If only we could get the IRS to make the transition to user adjustable tax rates.


New fee collections are not pouring into Jacksonville's coffers  [Emphasis added]
TIA MITCHELL
The Times-Union, Jacksonville
Officials say requests for rate adjustments have slowed receipts.

Jacksonville is $7 million behind where it wants to be in proceeds from two new fees, but thousands of requests for rate adjustments have slowed collections.

The fees were first billed in May. They would bring in $26.1 million - $18.4 million in stormwater fees and $7.7 million for a solid waste fee.
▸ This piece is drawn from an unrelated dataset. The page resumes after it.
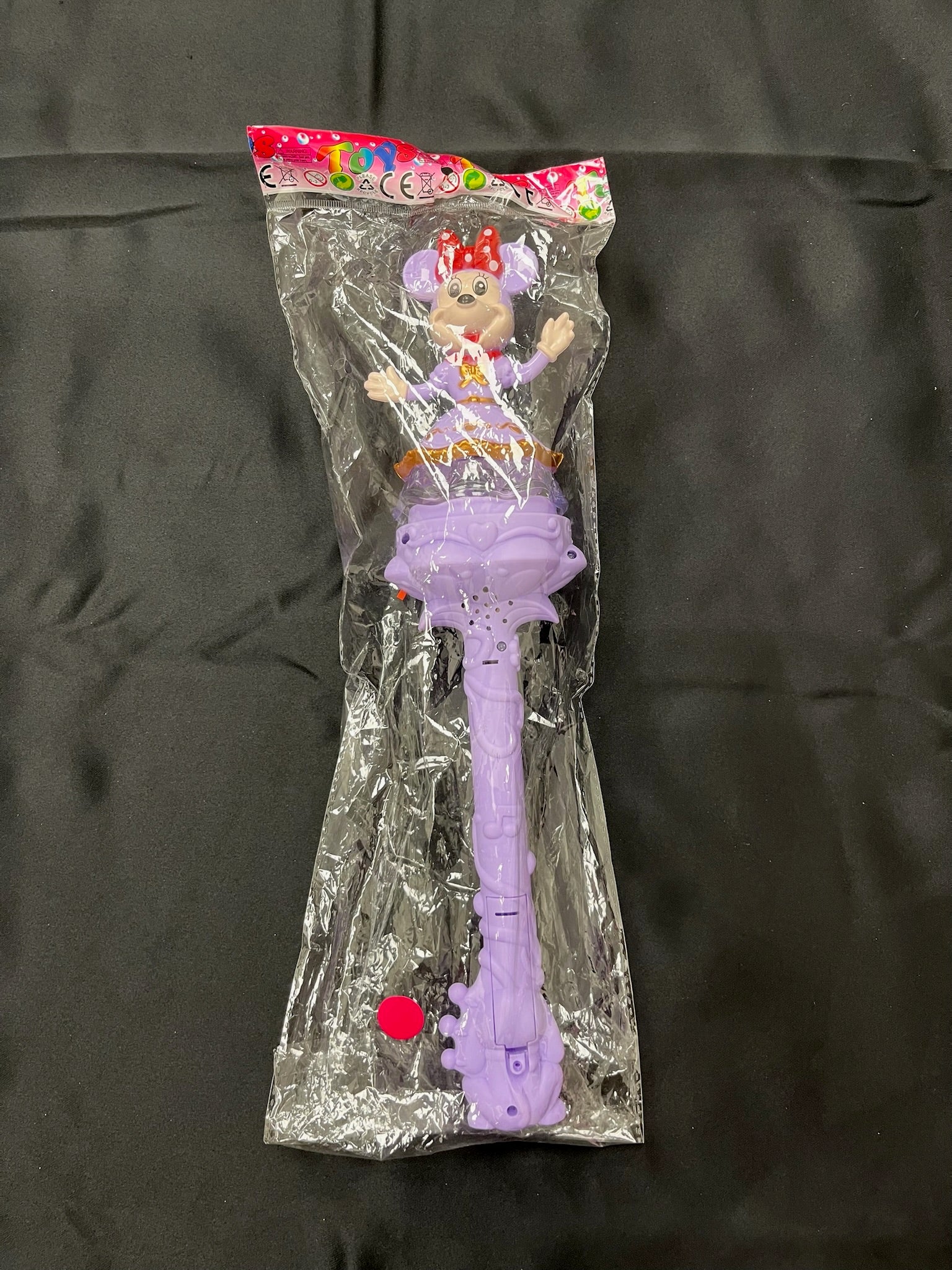 Minnie Mouse Wand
So far, $15.2 million has been collected.

More than 51,000 of the 285,401 property owners billed have asked for the charge to be lowered....

The City Council approved the fees last fall to soften the blow from state property tax reform and to diversify funding streams. The solid waste fees cover a portion of the costs of garbage collection. The stormwater fees will be used to treat runoff and reduce pollution.

But as always with politicians, check your wallet: "diversify funding streams." ← sounds like a City Council euphemism. I guess they mean to divert from the taxpayer's hip pocket for property tax and help themselves from the taxpayer's loose change in the side pockets.Like Willie Sutton leaving Philadelphia to diversify his revenue stream at the banks in Brooklyn.

Good for the taxpayers of Jacksonville. One out of six taxpayers are asking for rate adjustments, and it would be an easy guess to say that all requests are for lower fees.